Das Finanzgericht Hamburg (FG) hat in einem Beschluss den durch einen überwiegenden Gesellschafterwechsel verursachten vollständigen Verlustuntergang als möglicherweise verfassungswidrig beurteilt. Nunmehr hat es auch den maßgeblichen Sachverhalt und vor allem die Beschlussbegründung zu diesem bedeutenden Verfahren, das dem Bundesverfassungsgericht (BVerfG) vorgelegt worden ist, veröffentlicht.

In dem zugrundeliegenden Streitfall hatte die bisherige Alleingesellschafterin einer Grundstücksentwicklungs-GmbH ihre Anteile im Jahr 2008 an einen Konzern verkauft. Bis dahin hatte die Gesellschaft allerdings Verluste erwirtschaftet, die nach Meinung des zuständigen Finanzamts, das sich auf den mit Wirkung vom 01.01.2008 eingeführten § 8c Satz 2 KStG berief, durch den Gesellschafterwechsel untergegangen sind.
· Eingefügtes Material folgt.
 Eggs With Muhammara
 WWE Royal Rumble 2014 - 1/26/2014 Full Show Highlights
Die Hamburger Richter sehen in dieser Vorschrift einen Verstoß gegen das sogenannte Trennungsprinzip, wonach die Sphäre der Gesellschaft steuerlich strikt von der Sphäre des Gesellschafters zu trennen ist. Denn für den Verlustuntergang werde allein auf die Ebene des Gesellschafters abgestellt; die wirtschaftliche Leistungsfähigkeit der Gesellschaft hänge aber gerade nicht davon ab, wer Gesellschafter sei und wer die Kontrolle innehabe.

Eine Rechtfertigung für diese Durchbrechung des Trennungsprinzips konnten die Richter nicht erkennen. Eine Verhinderung missbräuchlicher Gestaltungen scheide jedenfalls aus, weil die Regelung keine typischen Missbrauchsfälle erfasse, sondern vielmehr auch jeden „Normalfall" eines Gesellschafterwechsels sanktioniere und damit als allgemeiner Abzugsausschluss wirke.
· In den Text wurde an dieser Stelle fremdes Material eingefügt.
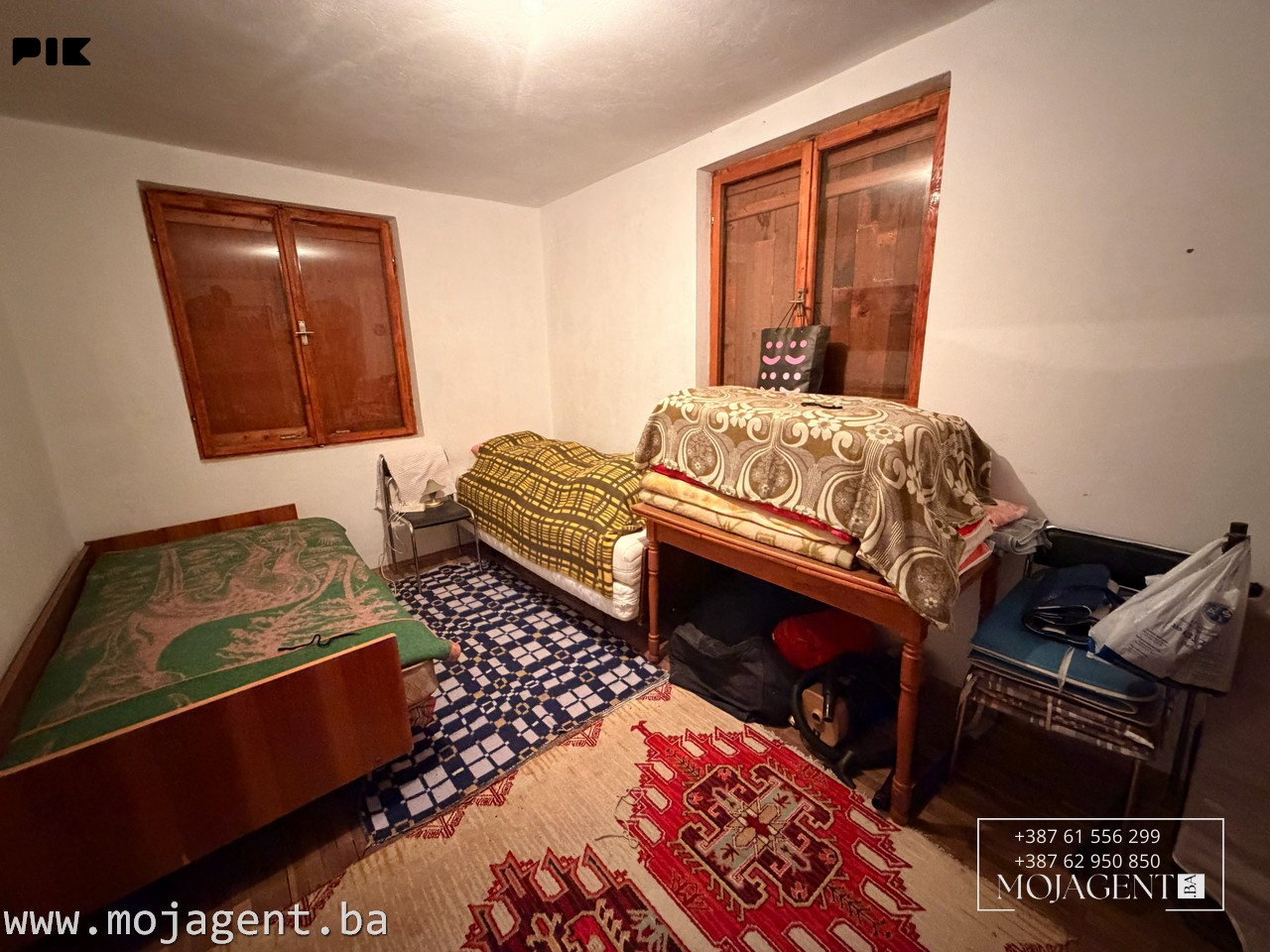 VIKENDICA I ZEMLJIŠTE - BORAČKO JEZERO - 3.010 m2 - mojagent.ba 6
Auch die für eine Verlustnutzung erforderliche Wahrung der wirtschaftlichen Identität der Gesellschaft gehe durch die überwiegende Anteilsübertragung nicht verloren. Die unwiderlegbare Vermutung, dass bereits die Möglichkeit der Einflussnahme des Käufers die Gesellschaft zu einer „anderen“ mache, sei nicht tragfähig. Durch den Verzicht auf eine Einschränkung der Wirkung auf tatsächliche Missbrauchsfälle verfehle die Vorschrift ihren Zweck, nämlich Änderungen der wirtschaftlichen Identität zu erfassen.
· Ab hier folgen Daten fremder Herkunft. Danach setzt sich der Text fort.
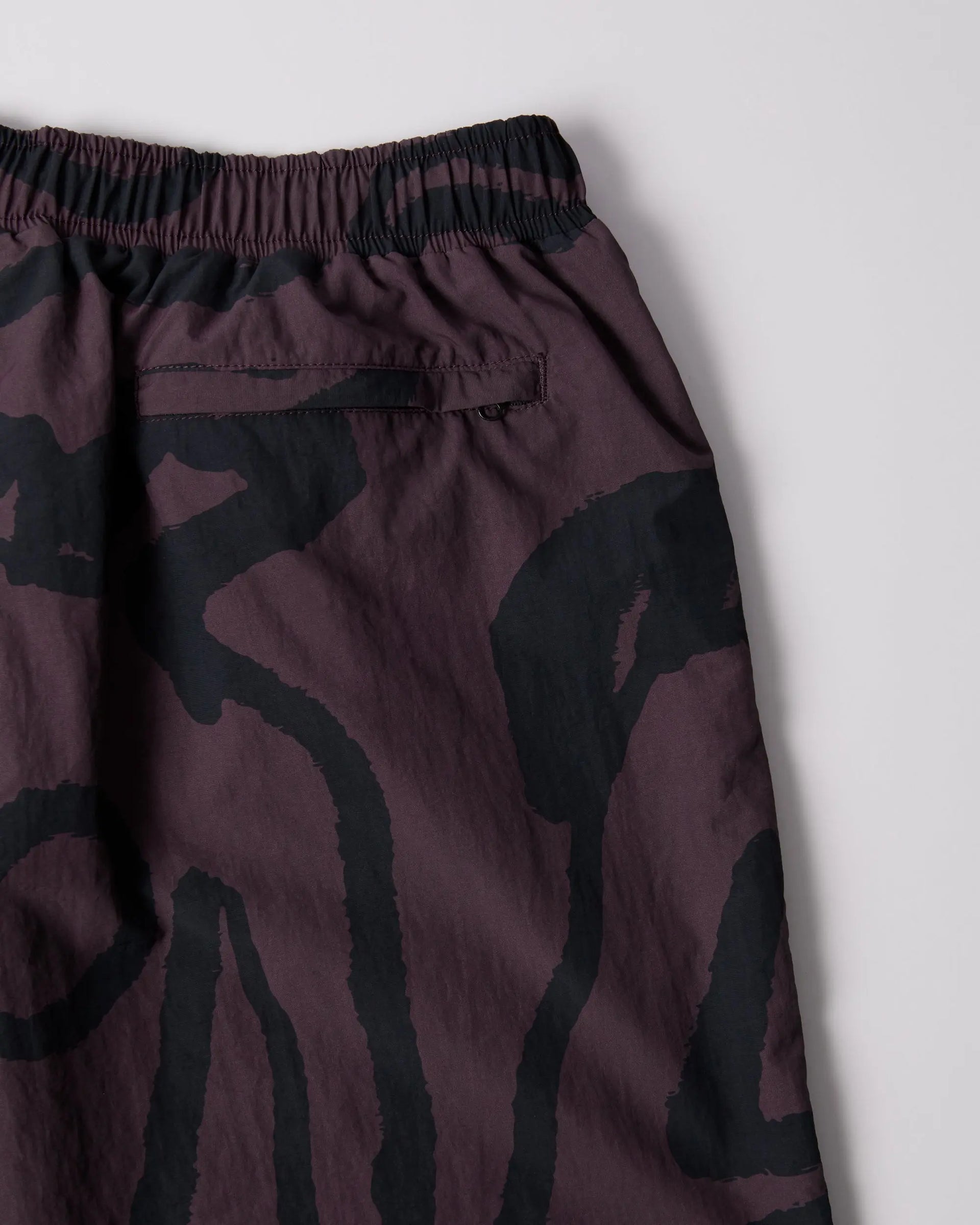 byParra Freak Scene Track Pants (Brown) byParra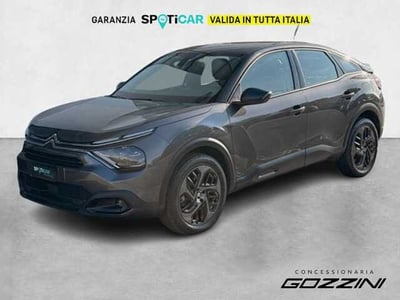 Citroen C4 BlueHDi 130 S&amp;S EAT8 Feel Pack del 2023 usata a Rovato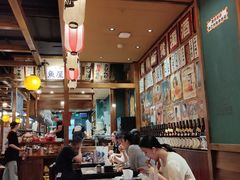 大堂-小川洋风料理(街道口店)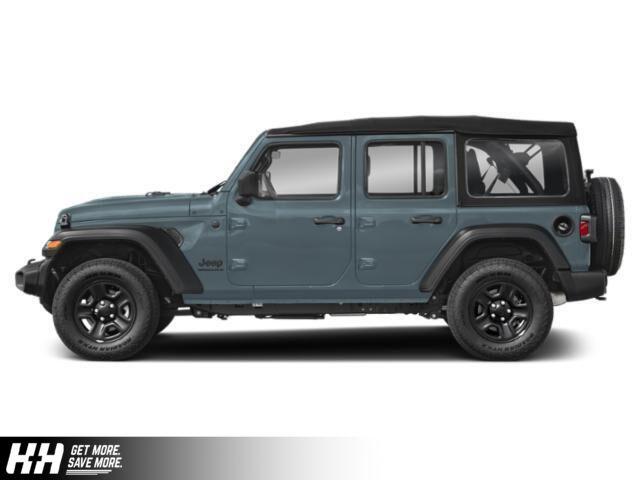 2026 Jeep Wrangler WRANGLER 4-DOOR WILLYS 2026 Jeep Wrangler WRANGLER 4-DOOR WILLYS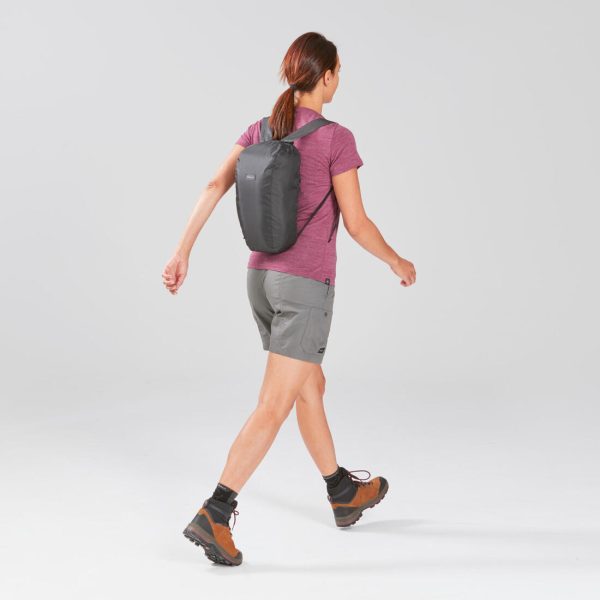 Forclaz Travel 100 Compact Trekking Backpack - 10L Online now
Hinweis: Da das BVerfG schon beschlossen hat, dass der teilweise Verlustuntergang verfassungswidrig ist, stehen die Chancen gut, dass auch der vollständige Verlustuntergang als verfassungswidrig eingestuft wird. Betroffene Fälle sollten in jedem Fall mit dem Einspruch offengehalten werden.